Nearly 3,000 people have already crossed the border into Armenia as of Monday morning, according to an Armenian government statement quoted by the Russian state news agency TASS.
Reporters on the border reported dozens of civilian cars and other vehicles have been driving to the crossing.
Azerbaijan blockaded the region for nine months prior to its offensive and controls the only main route out. On Sunday it permitted the first civilians to leave, reportedly escorted by Russian peacekeepers.
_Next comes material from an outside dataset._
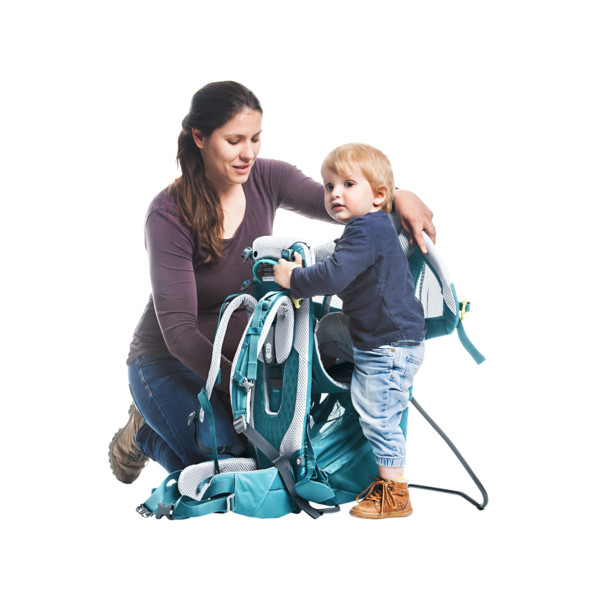 Deuter KID COMFORT ACTIVE SL Damen - Kindertrage Ansicht 19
Azerbaijan launched a lightening offensive last week that defeated the ethnic Armenia authorities in the enclave within two days of fighting, prompting them to lay down their arms and agree to disband their military forces. Nagorno-Karabakh is recognized internationally as part of Azerbaijan but has been controlled by ethnic Armenians for most of the last 35 years since a war amid the break up of the Soviet Union.
Hundreds of thousands of Azerbaijani civilians were also driven out of Karabakh by Armenian forces during the war in the 1990s when the Armenians were able to establish control.
Ethnic Armenians in the enclave have said they are unwilling to remain there under Azerbaijani rule, saying they fear persecution.
Western countries, including France, Germant and the United States, have expressed fears for the security of the Armenian population.
Armenian authorities said they are prepared for tens of thousands of families to flee.
Azerbaijani troops have been halted on the edge of the region’s capital since end of the offensive, which saw Azerbaijan already seize a number of villages.
Azerbaijan has said it wants to “reintegrate” the Armenian population but has not presented any plan for doing so or for safeguarding their rights. In areas of Nagorno-Karabakh that it has previously retaken, Azerbaijan has encouraged Azerbaijanis to come resettle.